Exercise prompt:
Skip every picture, and output exactly the lines starting at the one with "TENA Silhouette Plus L 10 St Produktbild" and running through the last line of the material below.

Extracted records:
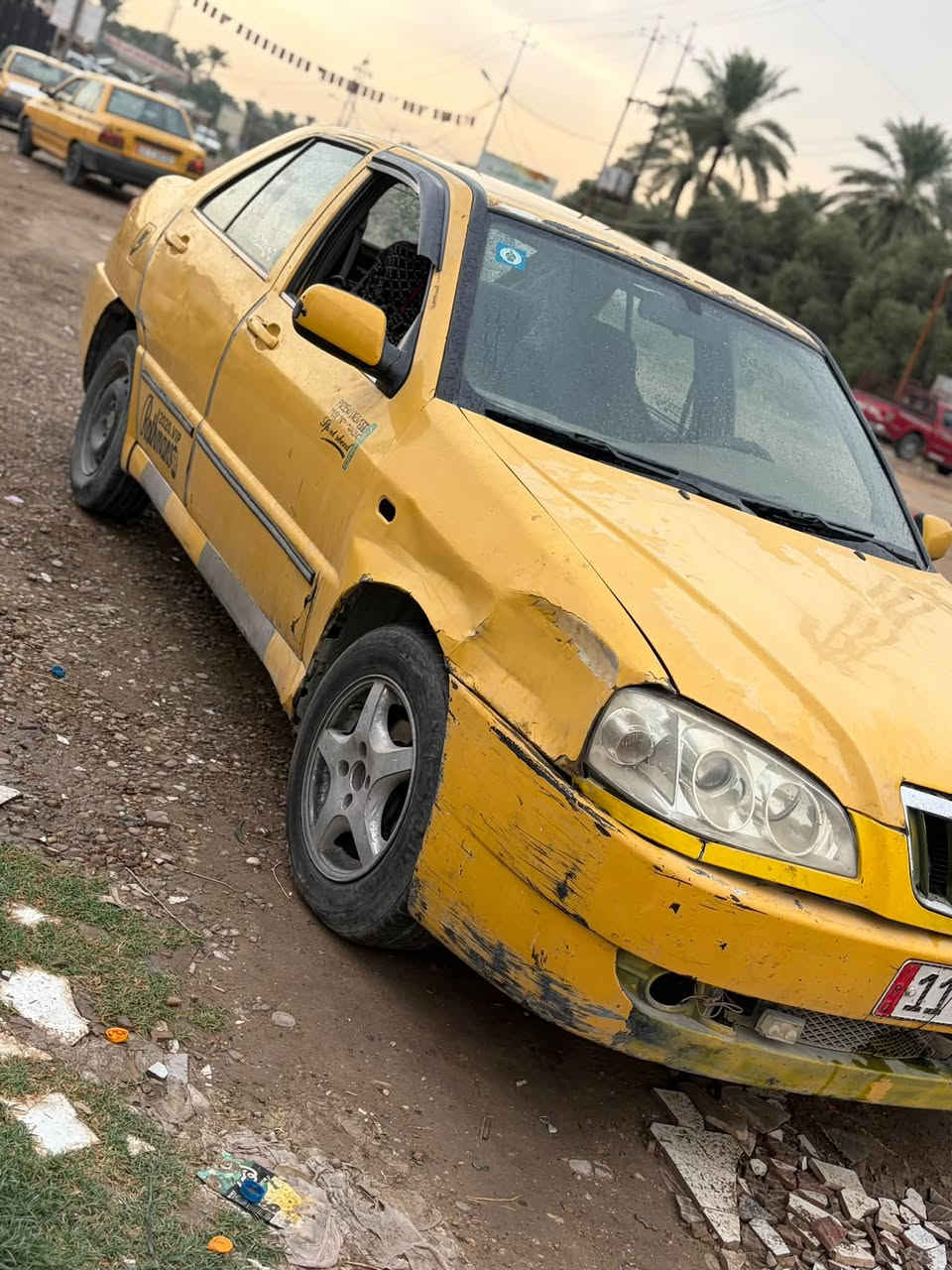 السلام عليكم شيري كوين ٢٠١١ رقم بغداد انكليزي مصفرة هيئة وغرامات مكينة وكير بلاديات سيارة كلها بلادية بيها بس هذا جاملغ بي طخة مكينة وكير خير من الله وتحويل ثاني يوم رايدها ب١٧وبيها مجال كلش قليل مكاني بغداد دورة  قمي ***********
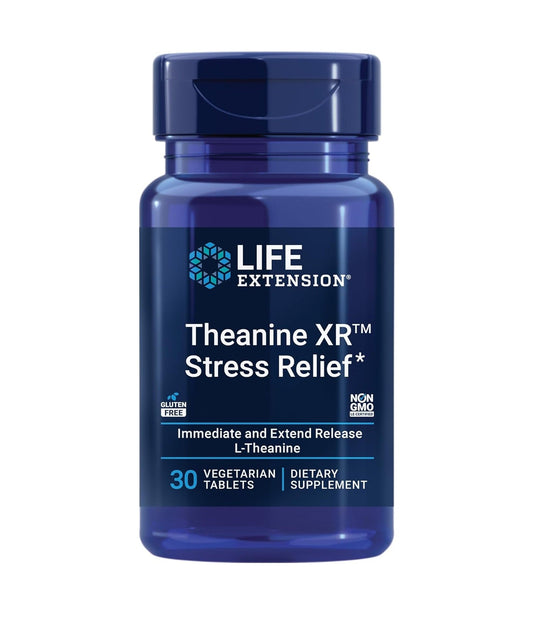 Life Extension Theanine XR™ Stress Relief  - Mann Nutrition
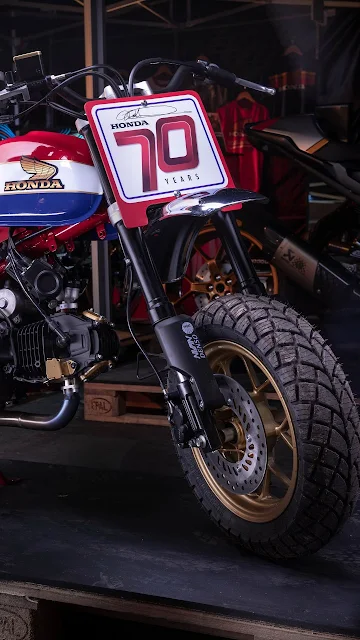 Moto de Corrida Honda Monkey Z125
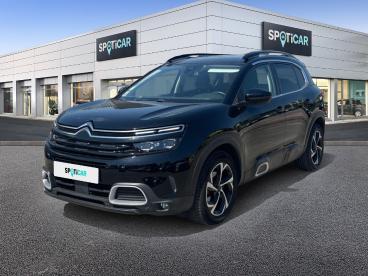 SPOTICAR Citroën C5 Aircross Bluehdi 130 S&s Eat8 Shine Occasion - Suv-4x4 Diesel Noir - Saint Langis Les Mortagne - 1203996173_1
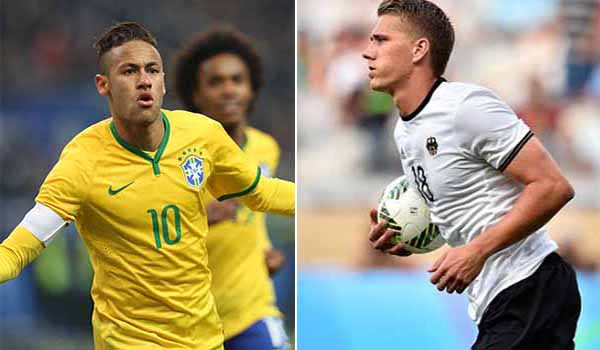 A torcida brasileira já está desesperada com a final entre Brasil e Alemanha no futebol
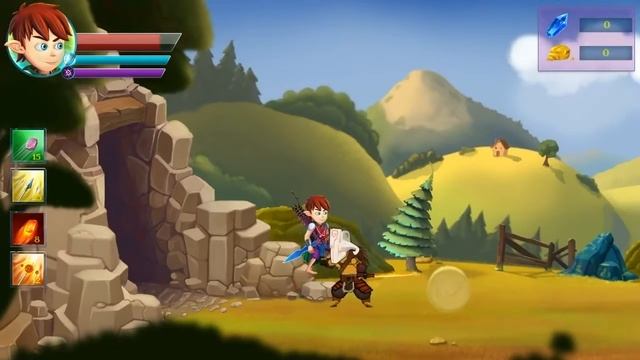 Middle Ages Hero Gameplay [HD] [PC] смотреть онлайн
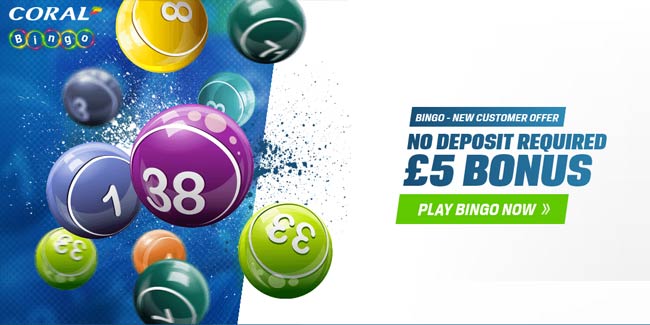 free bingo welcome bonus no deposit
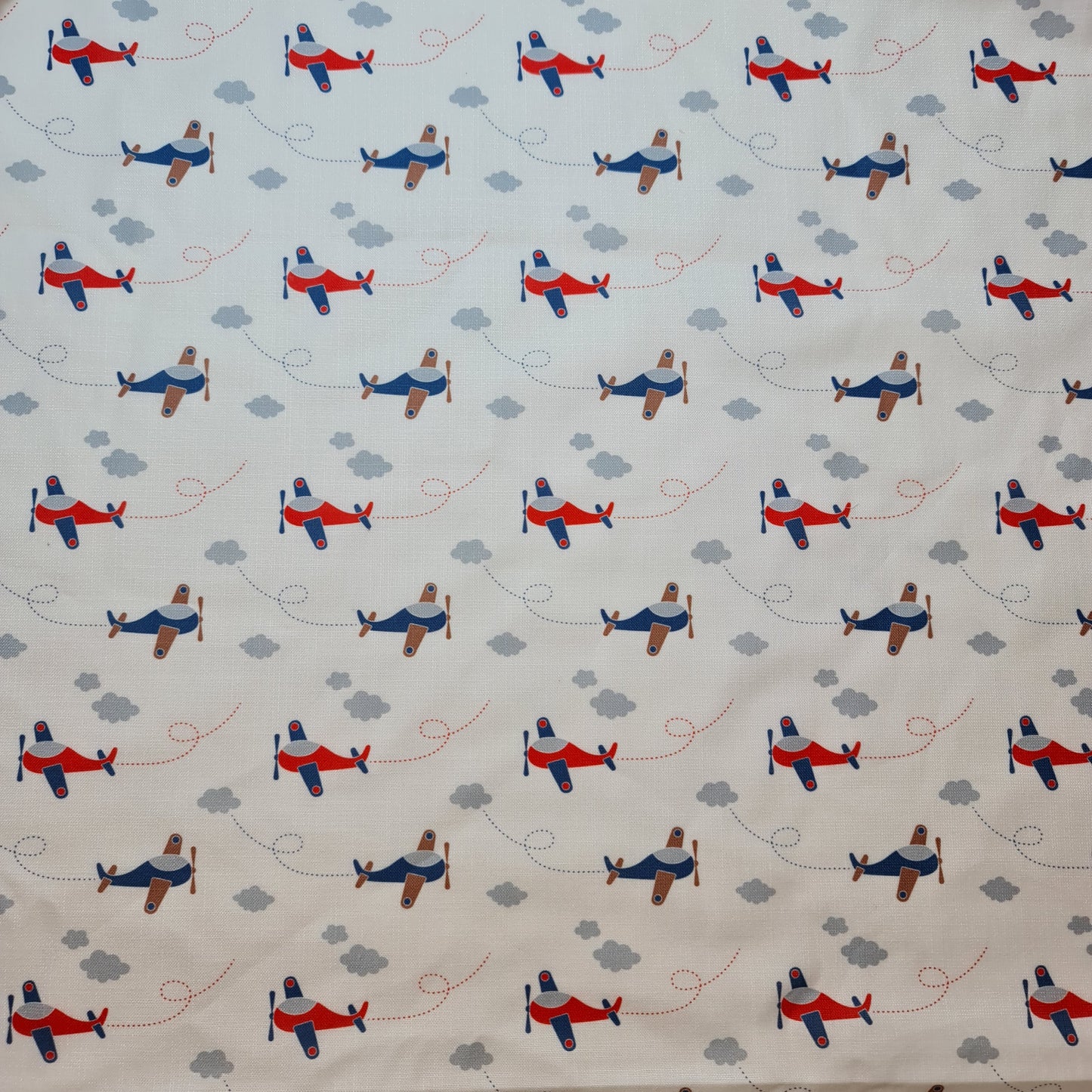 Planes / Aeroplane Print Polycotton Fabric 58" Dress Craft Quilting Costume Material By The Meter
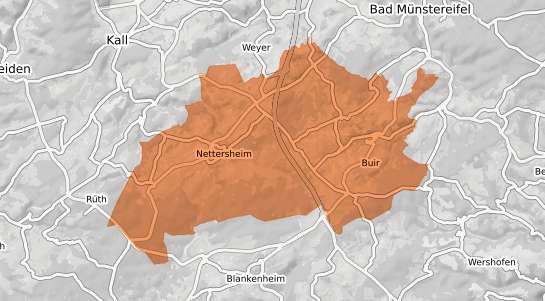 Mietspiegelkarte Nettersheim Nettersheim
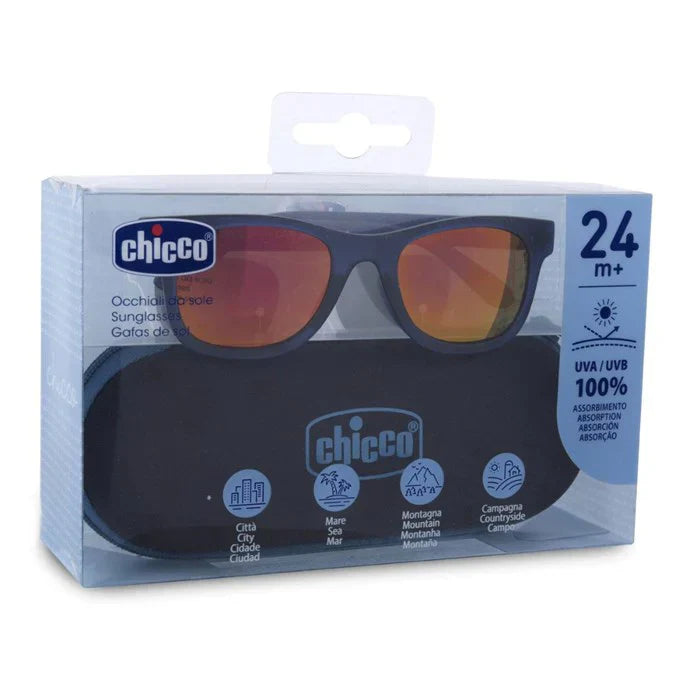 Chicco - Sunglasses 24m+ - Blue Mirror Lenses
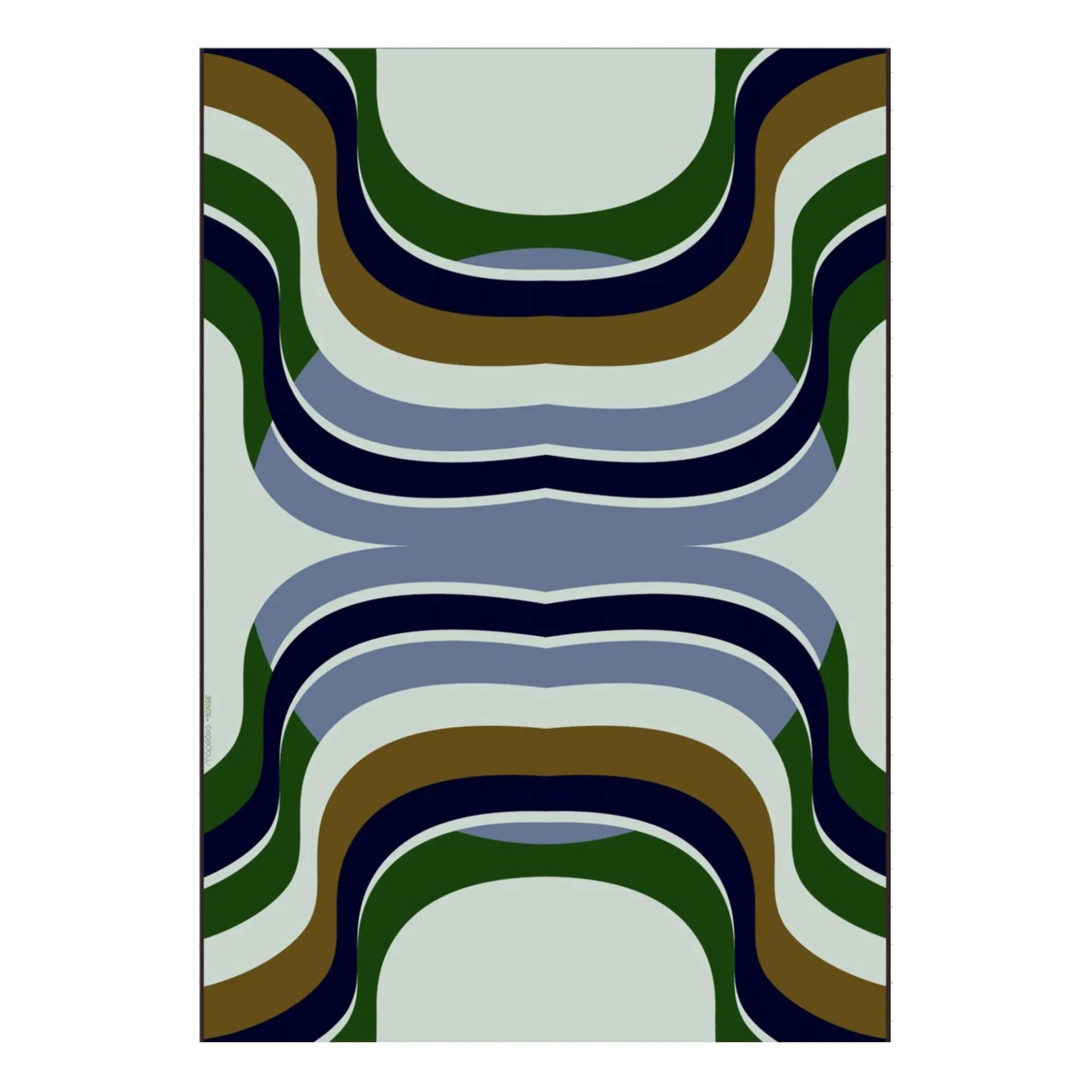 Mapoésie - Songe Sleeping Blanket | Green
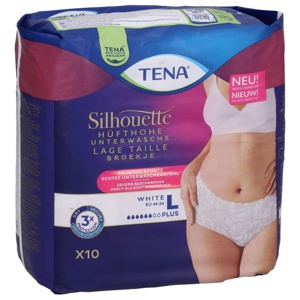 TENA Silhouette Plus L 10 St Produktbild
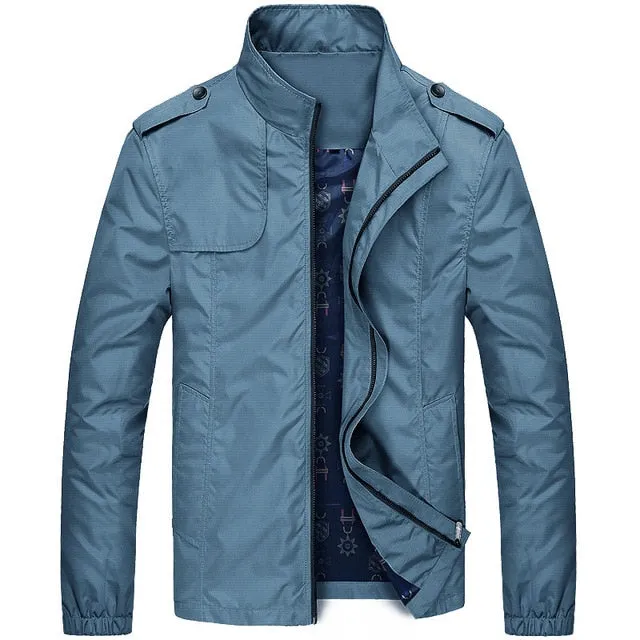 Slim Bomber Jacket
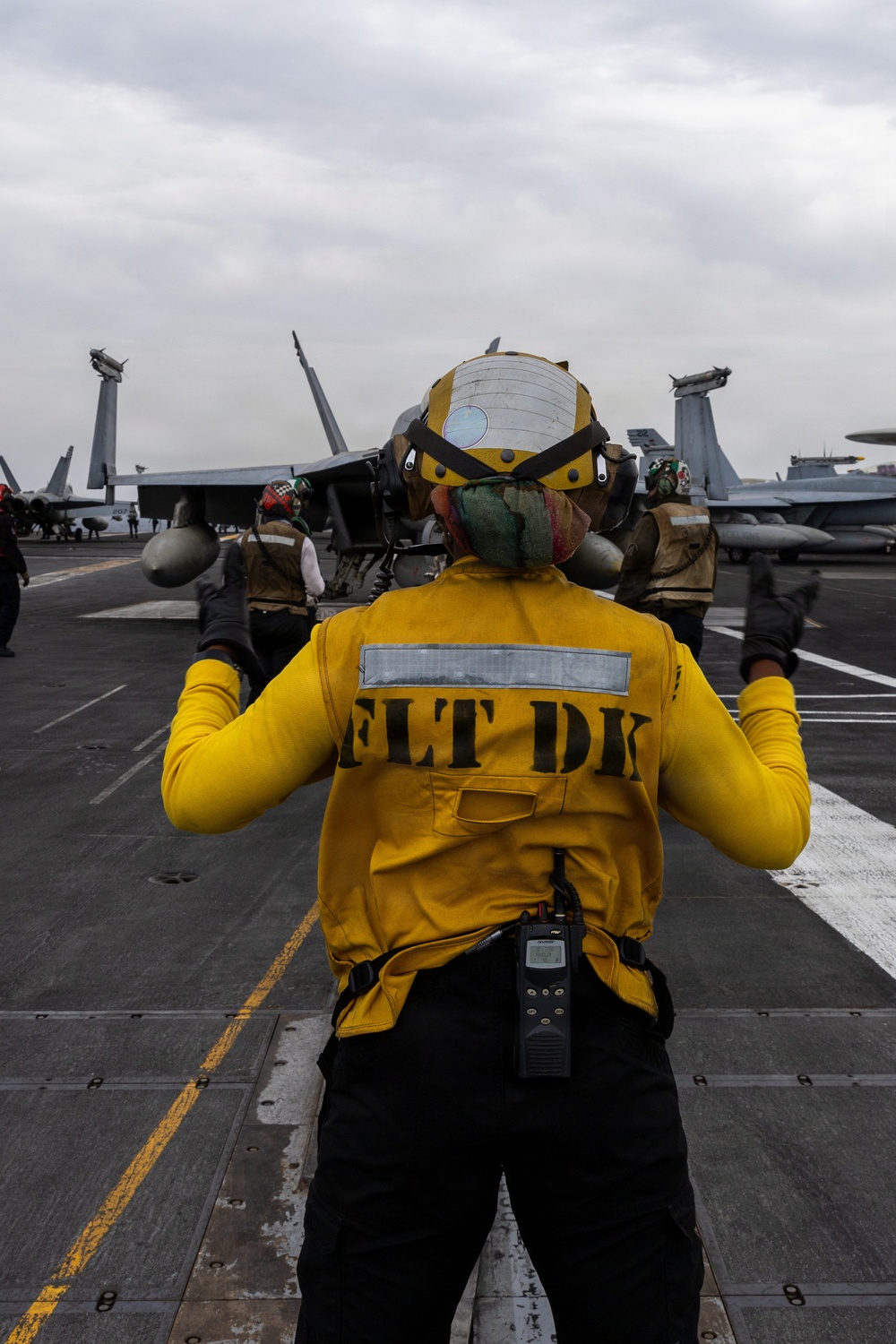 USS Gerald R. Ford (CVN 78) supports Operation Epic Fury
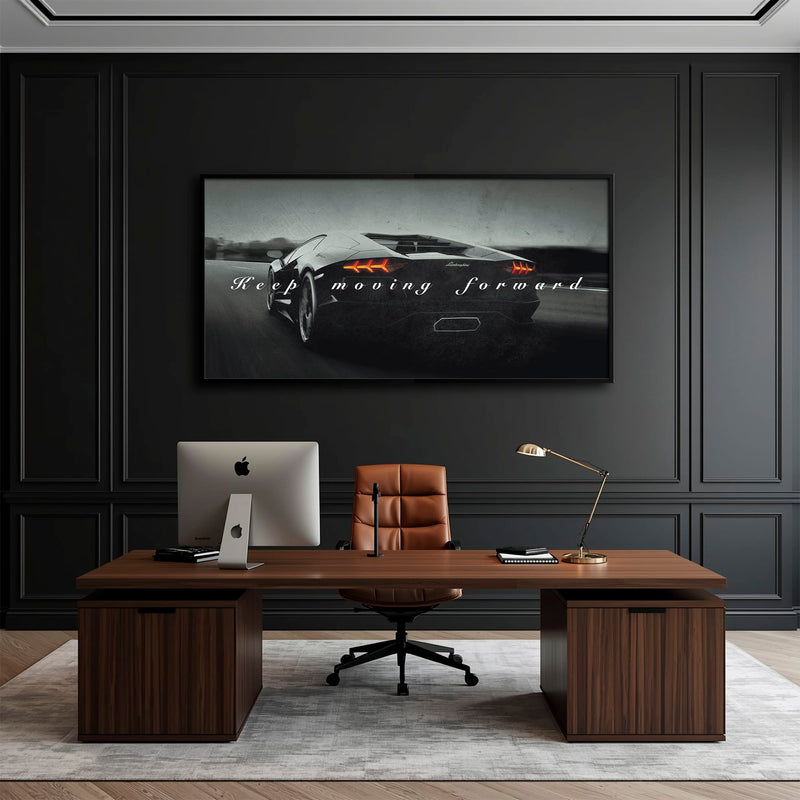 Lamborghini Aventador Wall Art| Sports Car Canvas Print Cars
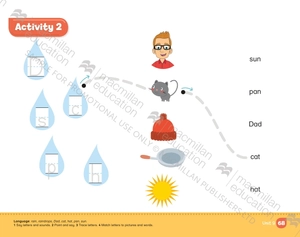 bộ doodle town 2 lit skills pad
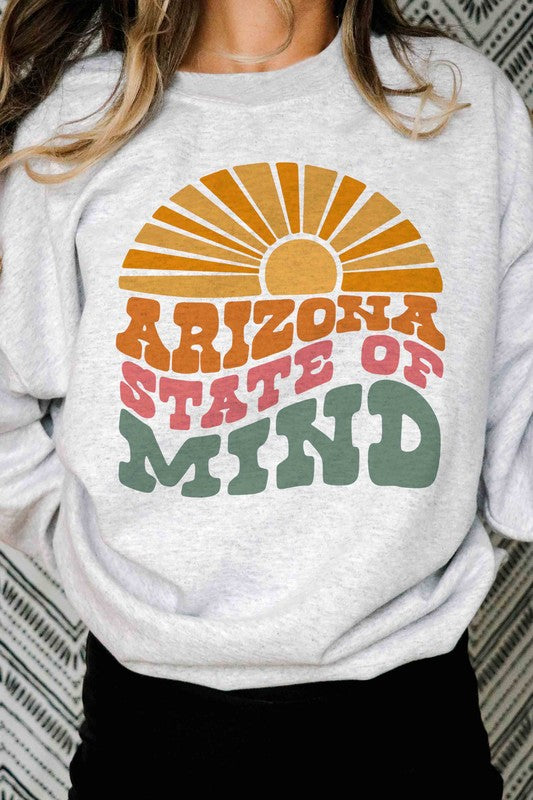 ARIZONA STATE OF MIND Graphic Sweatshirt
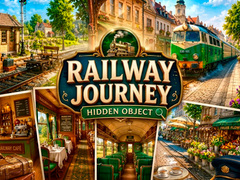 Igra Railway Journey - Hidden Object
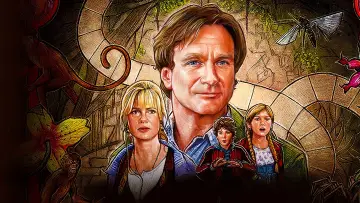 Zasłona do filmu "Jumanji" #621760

Task response:
 TENA Silhouette Plus L 10 St Produktbild
 Slim Bomber Jacket
 USS Gerald R. Ford (CVN 78) supports Operation Epic Fury
 Lamborghini Aventador Wall Art| Sports Car Canvas Print Cars
 bộ doodle town 2 lit skills pad
 ARIZONA STATE OF MIND Graphic Sweatshirt
 Igra Railway Journey - Hidden Object
 Zasłona do filmu "Jumanji" #621760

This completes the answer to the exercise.